A avaliação do impacto ambiental (AIA) é por sua vez é um instrumento de carácter preventivo da política de ambiente que garante o estudo e avaliação dos potenciais efeitos no ambiente de determinados projetos. A AIA é fundamental aos projetos públicos e privados que sejam suscetíveis de produzir efeitos significativos no ambiente, tendo em vista concluir sobre a sua viabilidade ambiental. Por si só compreende-se esta complexidade da AIA, a gestão seria muito mais eficaz e flexível se a AIA fosse objeto de atuação de uma empresa pública.

VANTAGENS

Podem ser apresentadas como justificações de maior relevo para a criação de empresas públicas as seguintes:

Em Portugal, à semelhança do que acontece na maior parte do mundo ocidental, a intervenção do Estado na sociedade alastrou-se a todas as esferas de atividade, incluindo no domínio reservado a preocupações de índole ambiental, podendo afirmar-se ser difícil encontrar domínios isentos da sua presença.

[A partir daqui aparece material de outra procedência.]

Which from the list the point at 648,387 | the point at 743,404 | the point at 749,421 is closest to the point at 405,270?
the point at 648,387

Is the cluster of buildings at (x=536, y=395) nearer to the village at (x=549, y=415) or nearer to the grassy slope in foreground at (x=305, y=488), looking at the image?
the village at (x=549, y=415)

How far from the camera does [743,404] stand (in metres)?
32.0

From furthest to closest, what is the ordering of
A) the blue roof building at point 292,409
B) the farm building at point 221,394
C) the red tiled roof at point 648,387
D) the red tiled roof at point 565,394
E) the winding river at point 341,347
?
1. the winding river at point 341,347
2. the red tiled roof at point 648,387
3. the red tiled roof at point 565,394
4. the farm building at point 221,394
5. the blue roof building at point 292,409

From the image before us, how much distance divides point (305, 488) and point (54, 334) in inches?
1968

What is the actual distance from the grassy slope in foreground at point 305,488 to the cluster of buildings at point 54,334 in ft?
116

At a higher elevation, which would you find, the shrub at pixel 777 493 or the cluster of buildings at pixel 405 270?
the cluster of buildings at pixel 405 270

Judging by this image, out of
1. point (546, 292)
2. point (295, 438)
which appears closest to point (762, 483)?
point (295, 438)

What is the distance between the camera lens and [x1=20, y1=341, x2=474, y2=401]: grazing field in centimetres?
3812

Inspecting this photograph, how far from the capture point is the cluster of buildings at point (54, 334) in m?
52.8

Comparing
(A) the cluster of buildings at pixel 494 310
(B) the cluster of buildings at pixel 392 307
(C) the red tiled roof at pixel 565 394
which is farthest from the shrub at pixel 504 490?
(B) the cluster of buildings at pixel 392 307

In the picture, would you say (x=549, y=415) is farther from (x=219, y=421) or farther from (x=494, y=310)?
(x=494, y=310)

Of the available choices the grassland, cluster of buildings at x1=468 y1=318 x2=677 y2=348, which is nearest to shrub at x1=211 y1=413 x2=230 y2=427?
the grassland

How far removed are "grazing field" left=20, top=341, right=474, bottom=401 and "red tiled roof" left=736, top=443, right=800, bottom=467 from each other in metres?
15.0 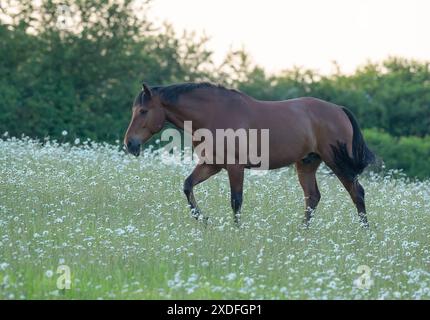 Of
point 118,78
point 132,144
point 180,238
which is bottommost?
point 180,238

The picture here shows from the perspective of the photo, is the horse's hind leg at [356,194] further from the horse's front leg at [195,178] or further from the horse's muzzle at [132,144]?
the horse's muzzle at [132,144]

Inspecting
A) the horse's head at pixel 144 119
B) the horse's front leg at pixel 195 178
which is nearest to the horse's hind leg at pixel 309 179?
the horse's front leg at pixel 195 178

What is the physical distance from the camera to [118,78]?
27.0 m

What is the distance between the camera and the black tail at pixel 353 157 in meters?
12.6

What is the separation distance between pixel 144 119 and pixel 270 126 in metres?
1.65

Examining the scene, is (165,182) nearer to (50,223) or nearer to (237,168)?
(237,168)

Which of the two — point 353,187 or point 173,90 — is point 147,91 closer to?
point 173,90

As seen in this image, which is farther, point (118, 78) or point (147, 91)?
point (118, 78)

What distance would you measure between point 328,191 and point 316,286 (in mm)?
6441

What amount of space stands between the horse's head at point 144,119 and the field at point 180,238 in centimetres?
87

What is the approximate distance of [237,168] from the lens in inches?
466

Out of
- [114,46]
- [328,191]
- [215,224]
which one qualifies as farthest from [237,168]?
[114,46]

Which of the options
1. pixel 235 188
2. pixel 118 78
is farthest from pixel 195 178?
pixel 118 78

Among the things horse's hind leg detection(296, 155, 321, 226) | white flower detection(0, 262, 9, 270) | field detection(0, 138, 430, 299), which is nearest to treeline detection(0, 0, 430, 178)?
field detection(0, 138, 430, 299) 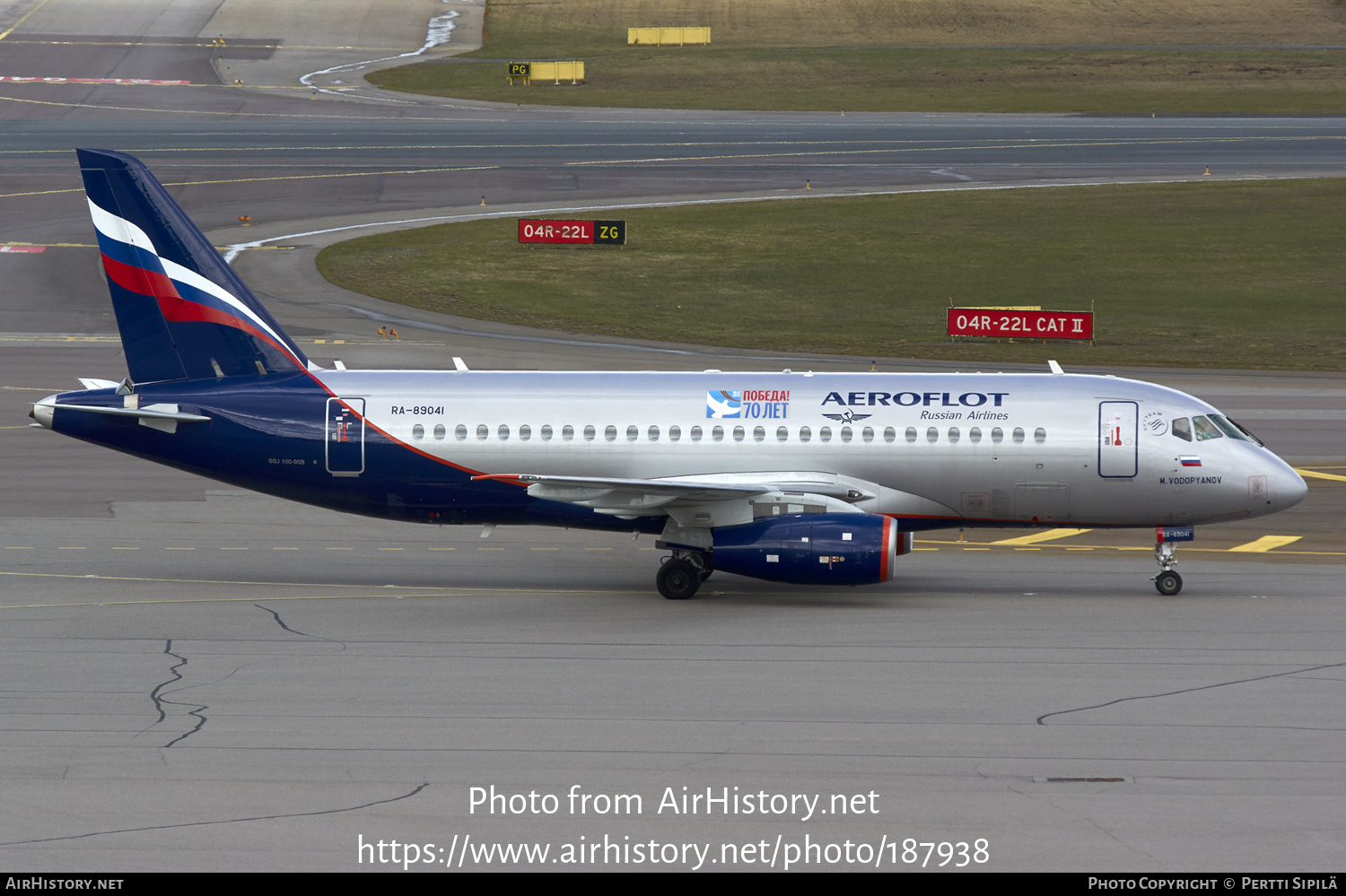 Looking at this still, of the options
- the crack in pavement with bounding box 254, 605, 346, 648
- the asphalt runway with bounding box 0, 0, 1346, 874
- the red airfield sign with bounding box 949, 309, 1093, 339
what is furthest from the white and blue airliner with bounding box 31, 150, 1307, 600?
the red airfield sign with bounding box 949, 309, 1093, 339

A criação de um instrumento de caráter preventivo de avaliação de impacto ambiental, nasce numa lógica de pretensa necessidade, que por vezes o Estado, tem de intervir diretamente nas atividades econômicas, assumindo posições chave, estrategicamente fundamentais. A empresa pública vai prosseguir uma missão ambiental e social, que tem por objetivo máximo, contribuir para a obtenção de níveis adequados de satisfação das necessidades coletivas. A natureza da atividade que a “Autoridade de Avaliação de Impacto Ambiental” desenvolve escapa à lógica de mercado, em virtude de estarem em causa serviços que os mercados, espontaneamente, não produzem ou fornecem em quantidades e condições insuficientes para garantir patamares desejáveis de bem-estar social. A estas situações frequentemente, identificadas por “falhas” de mercado, onde as condições para otimizar o bem-estar não se cumprem pelo livre jogo do mercado, podem ser colmatadas através da criação de entidades empresariais públicas.

Contrariamente ao que sucede nas empresas privadas, nas empresas públicas a maximização do lucro não constitui um fim, mas um meio, o seu fim último é a prossecução de necessidades coletivas, que no caso em apreço, concretiza-se na avaliação dos impactos ambientais negativos.

A criação de empresas públicas, permite a execução de um programa ideológico quando se considera necessário, por razões políticas, estender a intervenção do Estado a determinados sectores e domínios, até, aí estavam nas mãos de particulares.

Uma empresa tem sempre associado um determinado grau de risco que poderá inviabilizar e obstruir a sua continuidade e originar elevadas perdas financeiras e patrimoniais para o empreendedor. É bem conhecido o facto de que a grande maioria das novas empresas acaba por soçobrar ao fim de alguns, poucos, anos. Ora, nas empresas públicas o risco de insolvência ou falência não existe, razão pela qual a racionalidade nas decisões dos seus administradores é afetada por condicionantes impostas pelo poder político vigente. Neste seguimento, a criação de uma empresa pública permite atenuar os custos sociais e os efeitos dos ajustes e de concertação sobre as empresas privadas, para assim manter empregos, paz social ou os rendimentos de uma determinada área geográfica.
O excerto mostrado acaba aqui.